有序双过渡金属二维材料MXenes是近期发现的一类极具优良电、热传导性质和热电转换性能潜力的二维材料，可作为先进电工材料应用于电子和电工行业。鉴于现有实验技术手段尚无法对单层MXenes材料热电性能进行表征，而相关理论研究也极为缺乏。本项目拟在基于密度泛函理论的第一性原理结构稳定性优选、电子能带结构和晶格声子谱计算基础上与经典玻尔兹曼运输原理相结合，同时发展和完善现有的电子弛豫时间及半经验声子散射物理模型，进而可靠和高效的对潜在有序双过渡金属单层MXenes二维材料电子和晶格传导性质、热电转换性能进行定量计算。理论预测出具有超高电或者热传导性质、以及优异热电性能的基于MXenes二维结构的新型电工材料，揭示可用于调控有序双过渡金属MXenes材料结构稳定性、传导性质和热电性能的物理机制和作用规律，指明未来试验合成此类材料的研究方向。

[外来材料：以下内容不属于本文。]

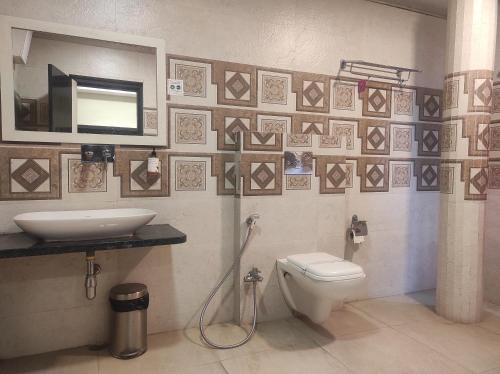 bagno con lavandino, servizi igienici e specchio di Hotel Rudraksh- Near VIP Airport Guwahati a Guwahati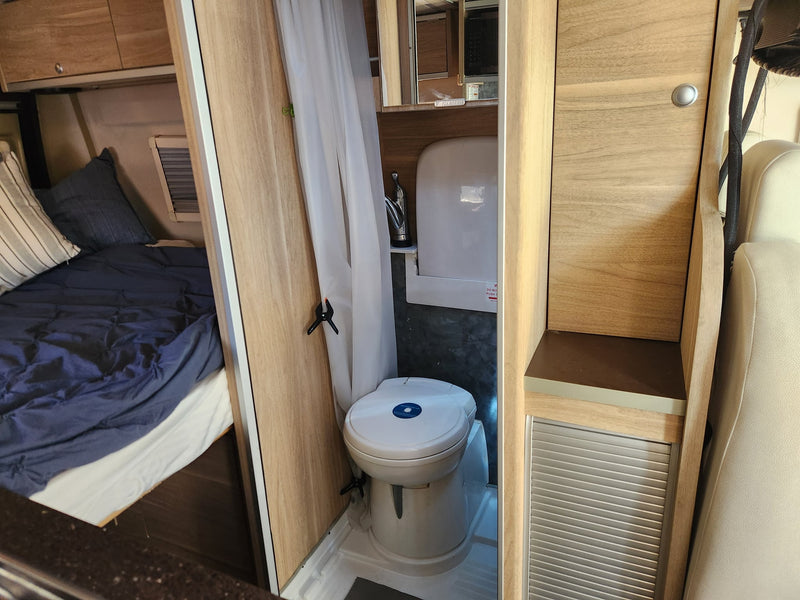  and wood finishes ready for your next trip.|Cozy rv rental interior featuring a dining area with white seating — photo 5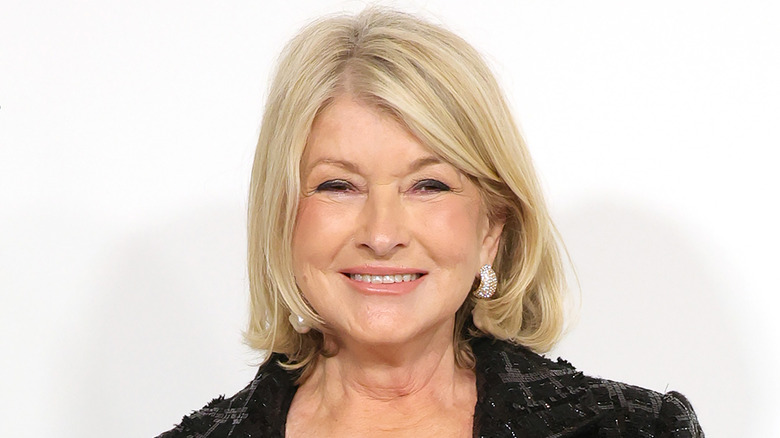 Martha Stewart smiles in a black, sequined jacket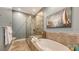 This bathroom contains a relaxing soaking tub, walk-in shower, and beach themed decor at 3430 77Th W St # 301, Bradenton, FL 34209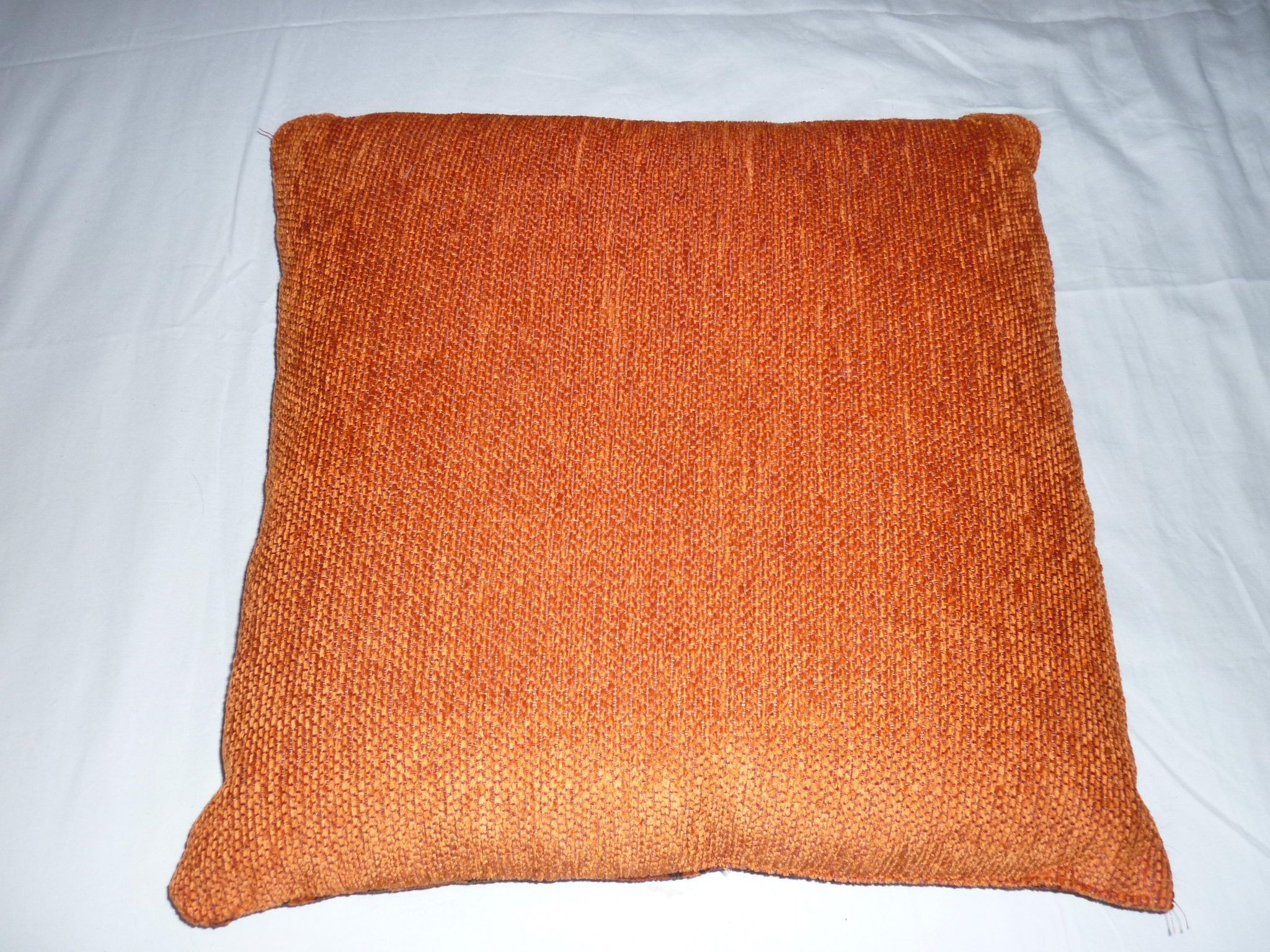 Large orange velvet cushion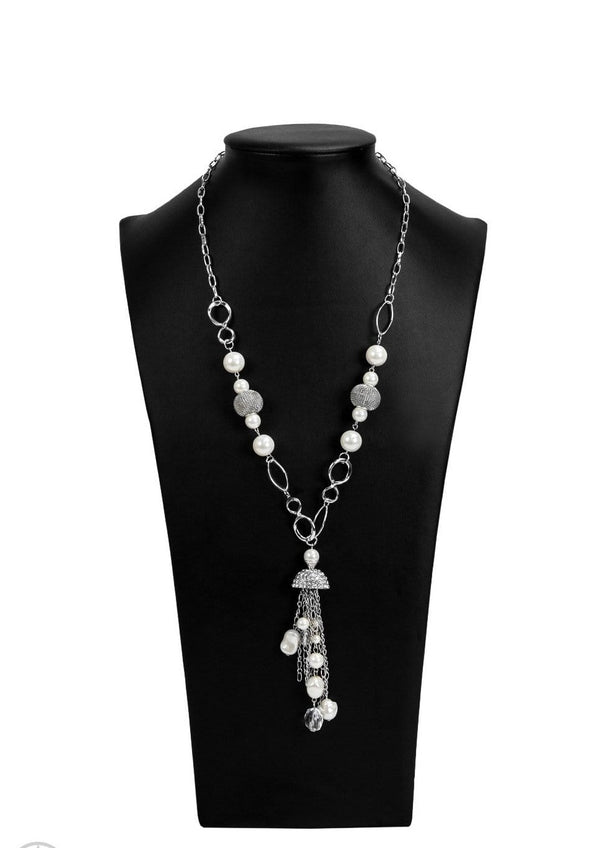 ﻿Designated Diva-White Rhinestone Paparazzi Necklace-Jazzi Jewelz Boutique by Raven  A half-shell studded in rhinestones overhangs a cluster of ivory pearls, tassels of silver chain, and small crystals. Two large wire mesh spheres and larger ivory pearls decorate the neckline.  Sold as one individual necklace. Includes one pair of matching earrings.  All Paparazzi Accessories are 100% lead free and nickel free.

热电材料是一类可以将热能直接置换为电能的特殊能量转换材料，对于高效率的回收和再利用人类生产和生活中产生的大量废热起到关键作用。二维材料借助其独特的层状晶体结构带来的空间尺度压缩效应对电子能带和声子热运输产生的调控作用，在热电转换领域相较于传统的热电材料在热电性能方面表现出独特的优势。本项目针对一大类由双过渡金属碳化物构成的二维材料MXenes数百种晶体结构的热力学稳定性、表面修饰基团类型、电子能带结构、磁性、声子谱、电导率、热导率、Seebeck系数以及热电性能品质因子开展了系统性的第一性原理高通量理论研究。研究发现双过渡金属MXenes材料及其对应的前驱体四元MAX陶瓷大部分热力学都是稳定存在的；MXenes二维材料表面修饰基团稳定性与修饰基团价态和过渡金属价电子个数相关性很高，且表面修饰对电子能带结构、声子色散谱调控作用十分显著；大部分MXenes二维材料都是金属类型结构，半导体类型多出现在表面O修饰结构中；MXenes电导率普遍很大，表面修饰结构中电子热导率对总的热导率起到主导作用；金属类型MXenes热电性能由于热导率较高，Seebeck系数小，其总体ZT数值很小，热电性能不突出。表面修饰半导体类型MXenes电导率适中，Seebeck系数大，热电性能突出。基于高通量计算，本项目发现了Cr2TiC2T2(T=-OH, -F和-O)这一类ZT>2的高性能热电材料体系，应用前景巨大。本项目系统和完整的采用高通量第一性原理电子和声子运输计算方法，实现了对MXenes这一类材料电子、声子运输性质以及热电性能的综合预测和评估，揭示了表面修饰基团和过渡金属搭配组合对MXenes电子能带、声子色散等微观物理性质的精细调控机制，对未来高性能热电材料的研究起到启迪作用。